The entries are to be returned exactly, with images left out.
━━ DATA EXTRACT ━━
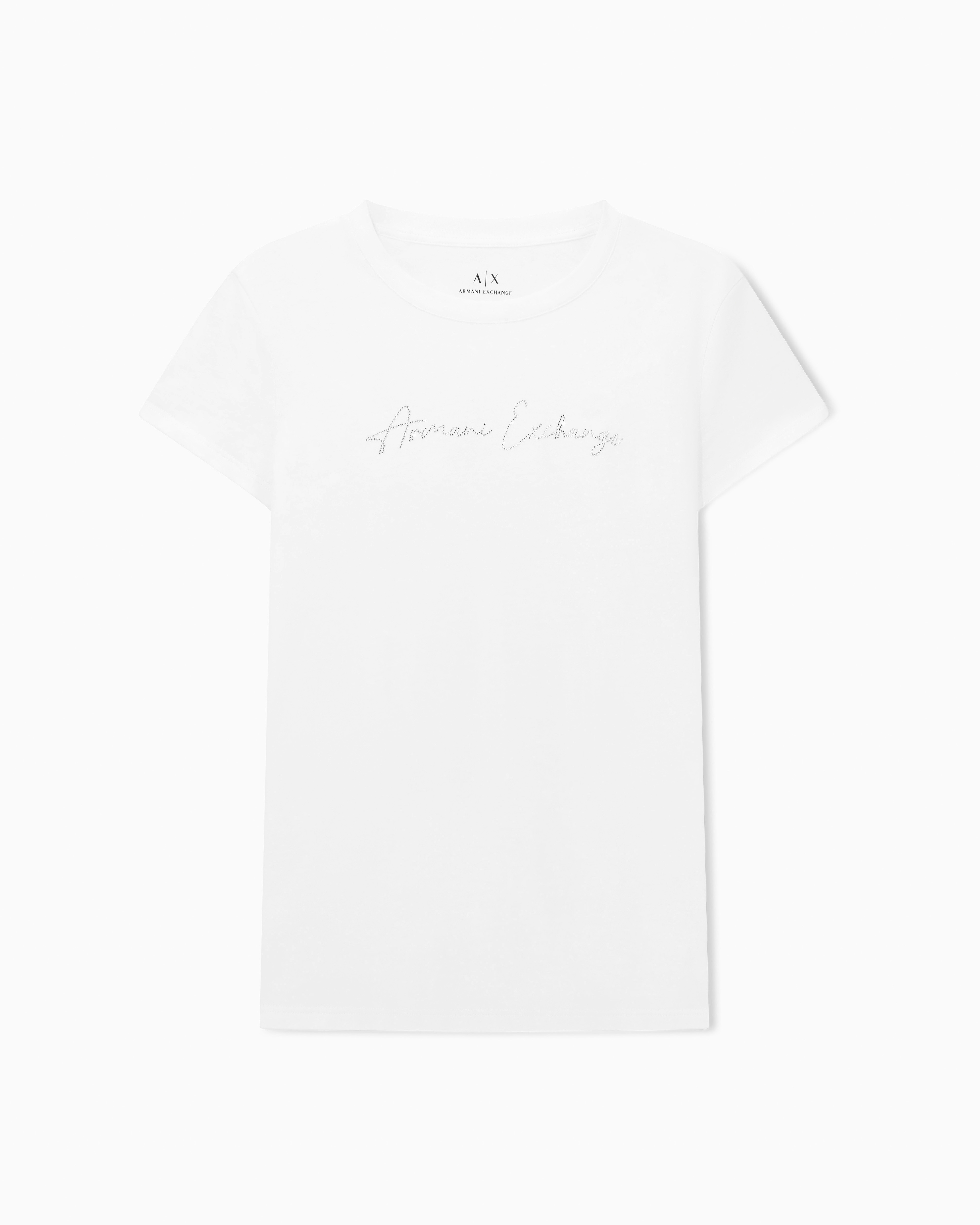 Armani Exchange Women's White Slim Fit T-Shirt In Classic Cotton Jersey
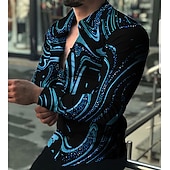 tanie Wzór 3D-Męskie Koszula Zapinana na guziki koszula Długi rękaw Moda Designerskie Codzienny Codzienny Święto Wyjściowe Wiosna i lato Wieczorne Druk 3D Przycisk w dół Czarny / Czerwony Czarny / Biały Żółty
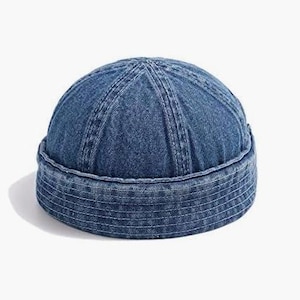 Denim Sjömansbrättlös Dockerkeps Vintage | Dockerkeps med keps | Sjömanshatt Unisex Brättlös hatt Keps Unisex Rullad Skullcap Dockerkeps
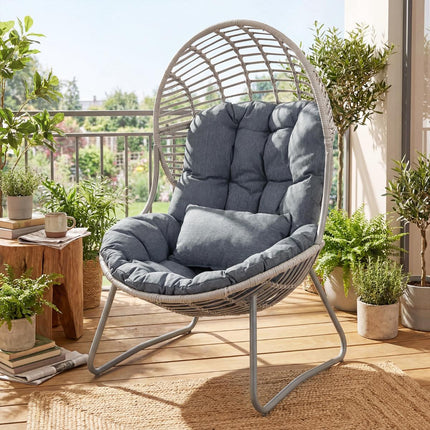 Wicker Egg Chair With Removable Cushions, Metal Frame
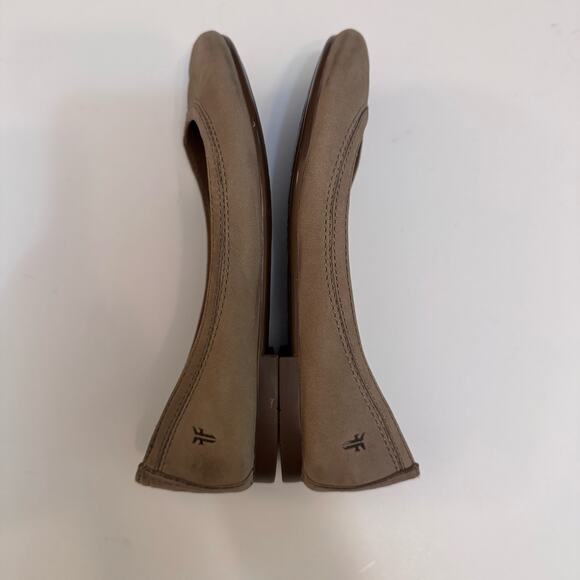 Frye Shoes Womens 6M Taupe Leather Carrie Slip On Ballerina Flat - Picture 6 of 13
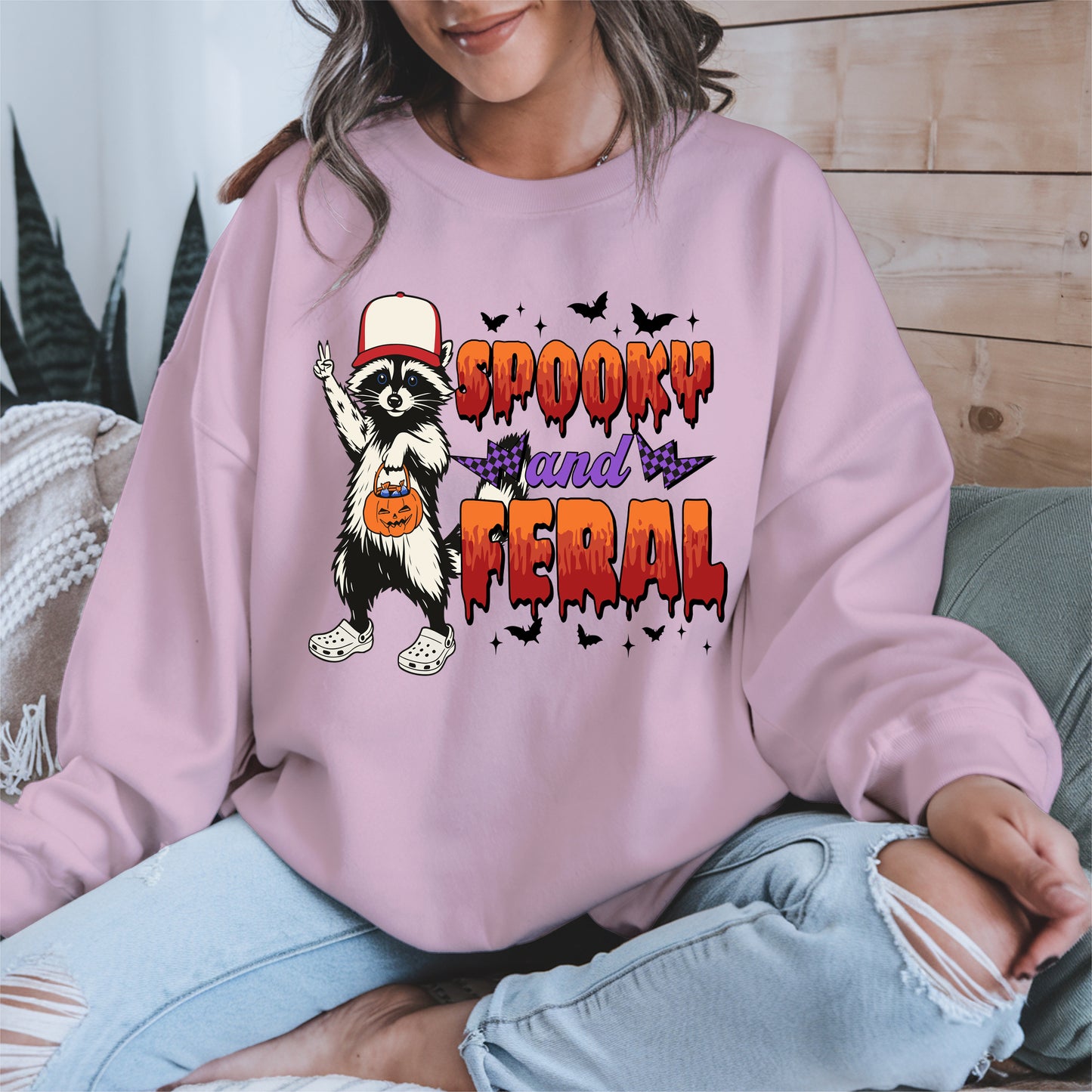 Spooky and Feral Shirt Hoodie Sweatshirt for Halloween Lovers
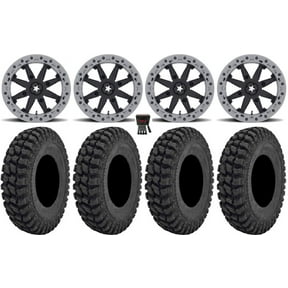 MSA Lok2 Beadlock 14" Wheels Bk 30" Warrior AT Tires Can-Am Commander Maverick Renegade Outlander Defender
━━━
(EXERCISE RESPONSE):
 Armani Exchange Women's White Slim Fit T-Shirt In Classic Cotton Jersey
 tanie Wzór 3D-Męskie Koszula Zapinana na guziki koszula Długi rękaw Moda Designerskie Codzienny Codzienny Święto Wyjściowe Wiosna i lato Wieczorne Druk 3D Przycisk w dół Czarny / Czerwony Czarny / Biały Żółty
 Denim Sjömansbrättlös Dockerkeps Vintage | Dockerkeps med keps | Sjömanshatt Unisex Brättlös hatt Keps Unisex Rullad Skullcap Dockerkeps
 Wicker Egg Chair With Removable Cushions, Metal Frame
 Frye Shoes Womens 6M Taupe Leather Carrie Slip On Ballerina Flat - Picture 6 of 13
 Spooky and Feral Shirt Hoodie Sweatshirt for Halloween Lovers
 MSA Lok2 Beadlock 14" Wheels Bk 30" Warrior AT Tires Can-Am Commander Maverick Renegade Outlander Defender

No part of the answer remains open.